When both developments, i.e. the need for longer guns and the advantages of 'chambering' a gun, became clear, the British artillery establishment had to change its stance on breechloading. An obvious reason to do this was that muzzleloaders longer than the 38-ton gun could not be handled in existing works, because they had to be brought in to reload.

Within a few years of first getting tested, the EOC 12-inch L/23.5 had become obsolete because it was not chambered and was not very long.
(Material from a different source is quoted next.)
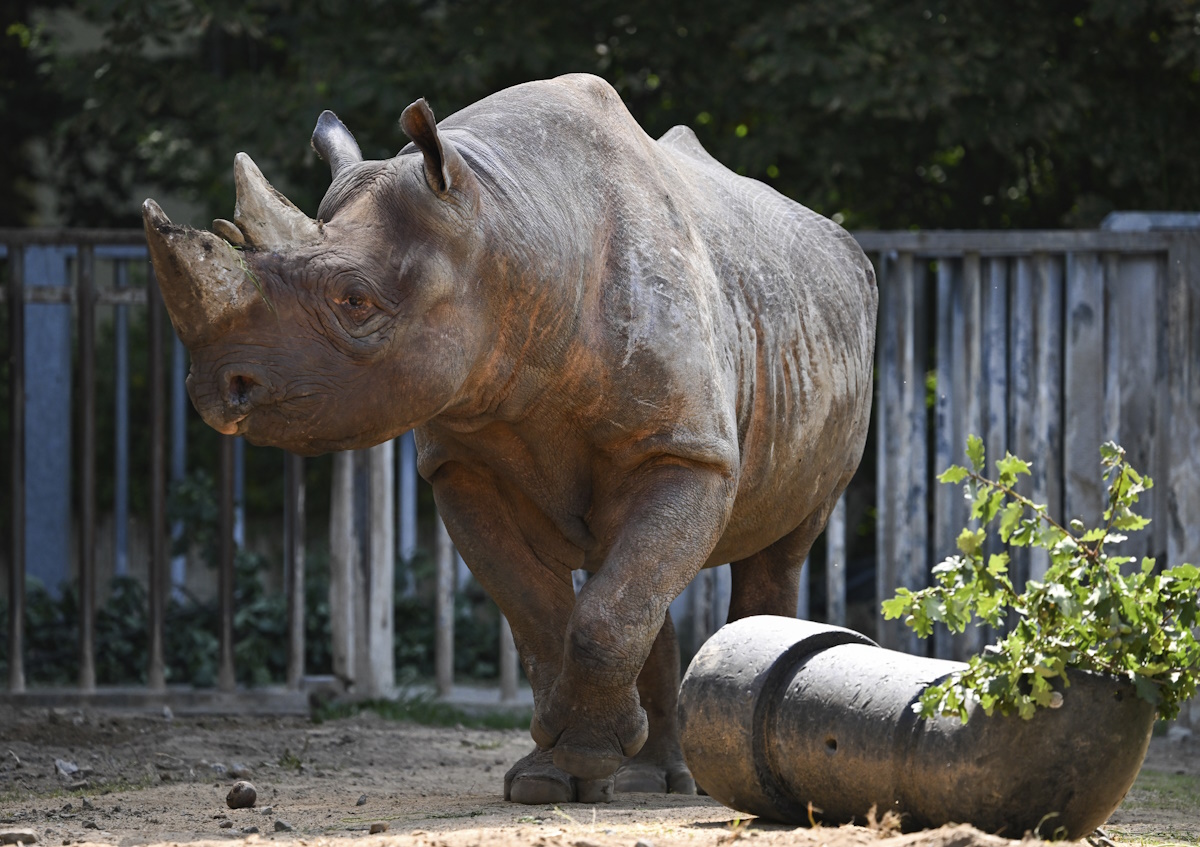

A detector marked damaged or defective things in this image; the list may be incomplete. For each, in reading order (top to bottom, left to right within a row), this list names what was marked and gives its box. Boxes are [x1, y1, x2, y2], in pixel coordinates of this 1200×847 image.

rusty barrel [676, 609, 1152, 835]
However, this was not the end of the story. A somewhat later lecture about the Meppen tests primarily focused on a comparison between the 40 cm MRK L/25 and the Elswick 100-ton gun. In the audience Stuart Rendel then referred to the EOC 12-inch L/23.5 breechloader made almost five years earlier.

== Characteristics ==

=== Labels ===
On the 1877 engraving, the gun is called a 39-ton gun. Later on, it was called a 40-ton gun, because this was more convenient.

=== Technical ===
The 12-inch L/23.5 had a caliber of 12 in. The barrel had a length of 282 in or L/23.5 with a length of bore of 264 in or L/22. The gun weighed 39 lt. There were 45 grooves of the polygroove type. The twist rate was progressive, increasing from L/100 to L/45, meaning that at the muzzle, the projectile made a turn on its axis every 45 ft. (Really every 45 calibers, with the caliber happening to be one foot)

The gun fired a 700 lb projectile. This used copper driving bands and a copper centration bourrelet. The driving band was an attached gas-check, which was pushed into the grooves by the force of the explosion. With charges of 170 lb and 180 lb of pebble powder, this reached a mean velocity of 1,606 ft/s and 1,650 ft/s.